- Why is there no food security in Abidjan despite the natural assets and an acceptable food balance?
This situation is due to difficulties in both production and distribution:
– At the production level :
The Ivorian political authorities have, since independence, like all developing countries and African countries in particular, given preference to cash crops or exports (coffee, cocoa, oil palm, …) providing foreign currency necessary for economic development; to the detriment of food crops useful for food and therefore the survival of populations. Moreover, the production system is too dependent on the seasons; so that during the dry seasons, there is a natural shortage of foodstuffs on the markets.
– At the distribution level:
Abidjan, the main urban center of national consumption, is, like other African capitals, largely dependent on the hinterland for its food supplies. It is from the production areas that are sometimes very far away that the products must be taken to reach the capital, which makes distribution sometimes difficult. In Côte d’Ivoire, this difficult task of supplying markets, particularly those in Abidjan, is carried out by FENACOVICI (Fédération Nationale des Coopératives de Vivriers en Côte d’Ivoire) and other private actors with the support of the Office de la commercialisation des produits vivriers (OCPV). However, this task remains laborious and very difficult because there is no formal system for the supply and distribution of food crops in Côte d’Ivoire (lack of logistical and financial resources, lack of road and commercial infrastructure, and above all lack of a regulatory and supervisory framework).
2- How can we guarantee sustainable food security for large African cities and particularly for Abidjan ?
Food security has become a national priority for Côte d’Ivoire and all other African countries since the food crisis and hunger riots. The challenges to be met to achieve this are threefold:
– Food production: it is necessary to increase the production of all foodstuffs, especially rice and animal proteins, of which the country has a deficit. In addition, it is necessary to stabilize production throughout the seasons and from one year to the next. To do this, the State must provide subsidies to producers (credit, inputs, supervision, mechanization, etc.); this is being done for one of its components, with the “All for Rice” project.
– At the distribution level: the State must set up a formal system for the supply and distribution of foodstuffs. This could reduce the cost of basic foodstuffs and make them more accessible, thus contributing to strengthening household food security. In addition, the government should focus on financing (transport, marketing and research on the conservation of perishable foods, processing) and improving the physical marketing infrastructure (road network, collection and grouping centers, storage warehouses, wholesale markets, etc.) and non-physical infrastructure (information, supervision, regulation, etc.).

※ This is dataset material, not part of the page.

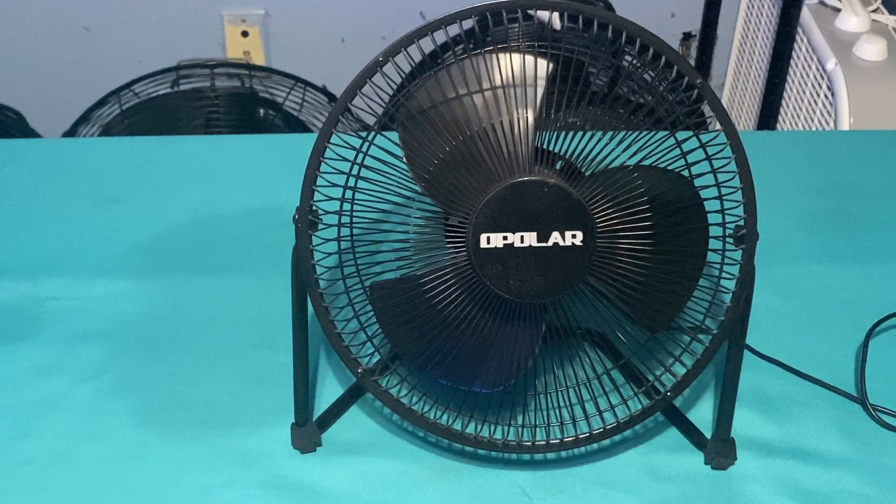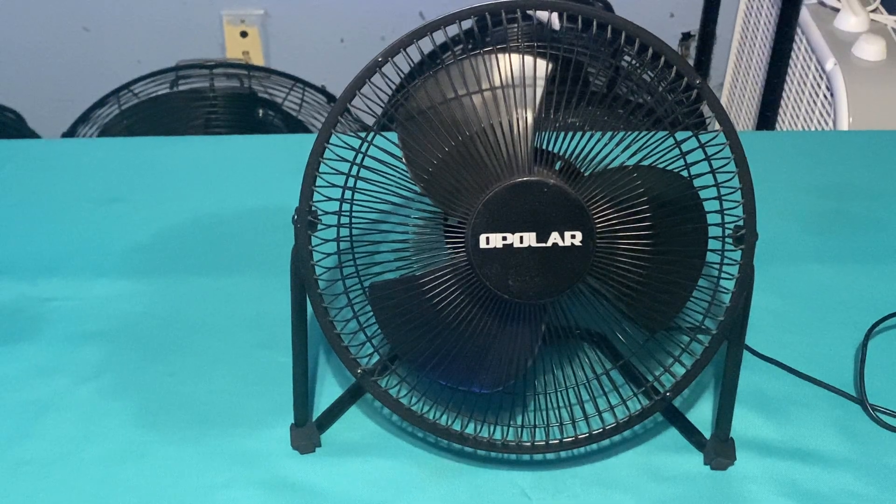Here is an Opolar fan you will not see anymore — they have since discontinued making this fan. I bought this one back in 2018. I have the smaller variant too — the smaller variant is an 8-inch model, and this is the 10-inch model.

– Consumption: the State must ensure the quality of products and raise the population’s awareness of a varied and balanced diet for a healthy and active life.
Food sovereignty: an essential condition for sustainable food security in African countries
Food is not a commodity like any other, it is a matter of human food security, it cannot be subordinated to the cold rules of free trade according to John Madeley, in ”The Business of Hunger, Food Security Sacrificed at the Altar of Free Trade”.
These rules subject the agricultural policies of developing countries to trade.
However, external dependence is a brake on food security. To be independent and live with dignity, without external pressure, African states must have the basis to feed their populations themselves. Therefore, they must seek food sovereignty, which could be defined as the right and power of a country or community to determine the production, distribution and consumption of its food according to its tastes and traditions. It does not make trade its priority but rather the satisfaction of the food needs of the population.